В первой депеше было два сообщения: Революционный комитет в Швейцарском Зальцбурге обращался к нашему Совету с просьбой немедленно арестовать некоего полковника Бражинского — это проблемы не составляло, если тот находился здесь, в Ной-Берне; во втором сообщении говорилось о том, что маршал фон Колч сдался чехам, которые, в свою очередь, сдали его Революционному комитету в Зальцбурге. Тексты второй, третьей и четвертой депеши были зашифрованы, возможно, они имели отношение к первой.
— Вы не умеете писать тушью.
Буквы были смазаны, на полях — кляксы и рваная бахрома бумаги.

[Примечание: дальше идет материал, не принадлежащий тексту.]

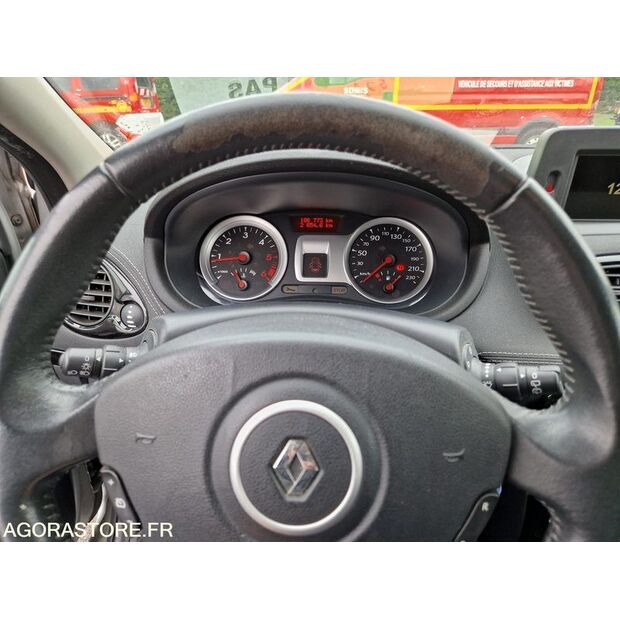 2011 Renault Clio-45177656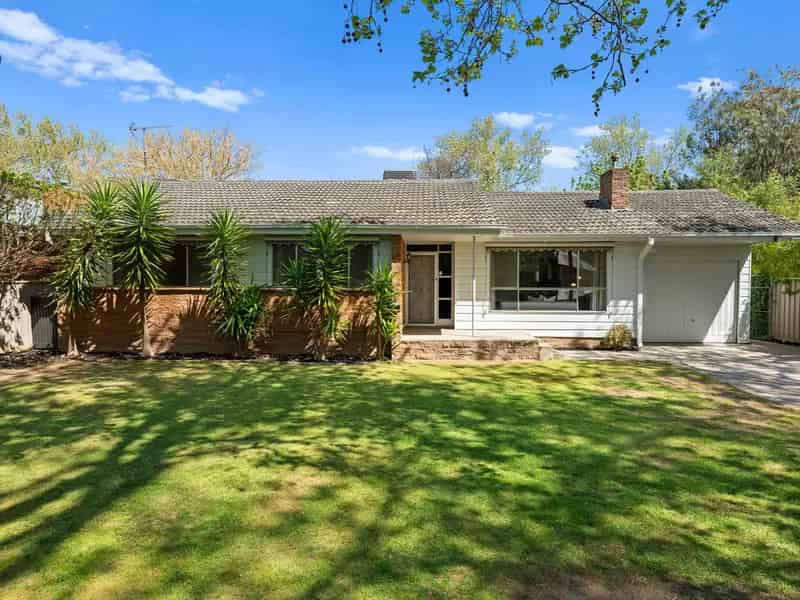 Buy house in Benalla with 3 bedrooms and spacious outdoor area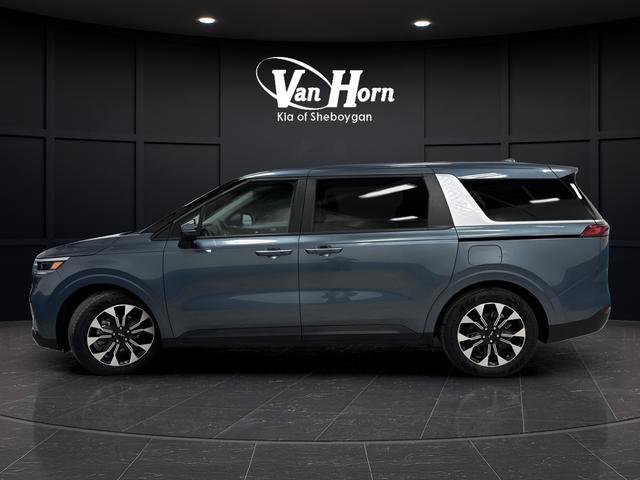 Used 2024 Kia Carnival EX image 12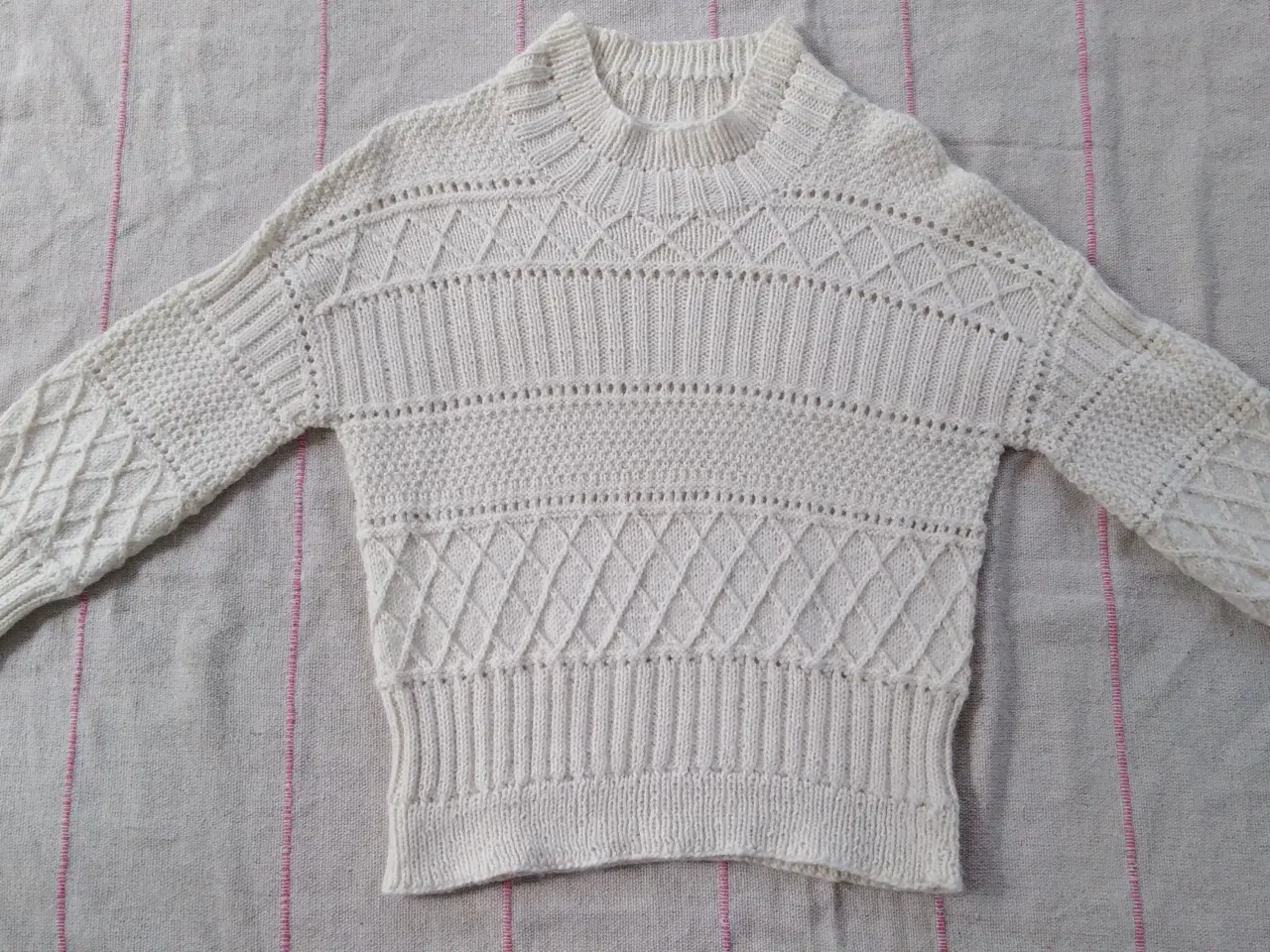 Billede 1 - Sweater strikket i 65% Ull, 35% Alpakka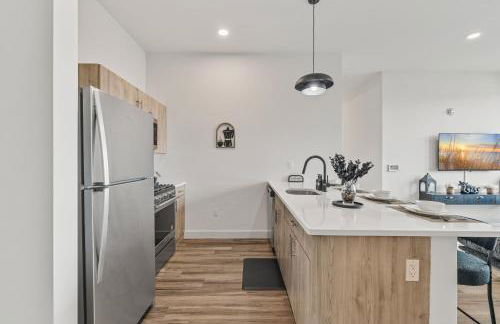 Upscale Views 2br Free Parkn, Walk 2 Train, 2bath - Foto 13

— Извините, здесь так холодно. Утром рука дрожит. Но немецкие бестии тоже померзнут в эту зиму, товарищ конфедерат. Хотите еще чайку?
— Нет, спасибо.
Телеграфист открыл дверцу маленькой железной печки и подложил туда полено. Температура в комнате не изменилась.
— Ну выпейте еще чашечку! Согреетесь. Не хотите?
Не ответив, я перевернул чашку вверх дном, звонко поставил ее перед ним на стол и еще раз взглянул на первую депешу.
О немецком маршале фон Колче я знал, что он кокаинщик. Его адъютант таскал с собой целый чемодан различных моноклей и призм, их можно было надевать на глаза, выбрав по цвету соответственно освещению. Таким образом, он видел мир сквозь постоянно меняющийся пестрый калейдоскоп. А синтетический кокаин сыграл с ним, в конце концов, злую шутку. Как явствовало из каракулей депеши, он заключил пакт с генералом Лалем, и его поддерживаемые британцами фашистские бригады потерпели окончательное поражение.
В Румынии и на Черном море стояли хиндустанские армии под руководством генерала Лаля, наводящие ужас солдаты в оранжевых мундирах. Лаль, победитель Запада, Лаль и присоединившиеся к нему жестокие дивизии племени синти, мужчины с длинными густыми усами, раскрашенными глазами и золотыми кольцами в ушах. Перед собой на седле они крепили тяжелые пулеметы, чтобы стрелять на скаку. Говорили, будто они не едят животных, у которых есть ноги и перья. Ну а дальше, на северо-востоке, под Ной-Минском, две-три недели хода от нас, проходил Корейский фронт.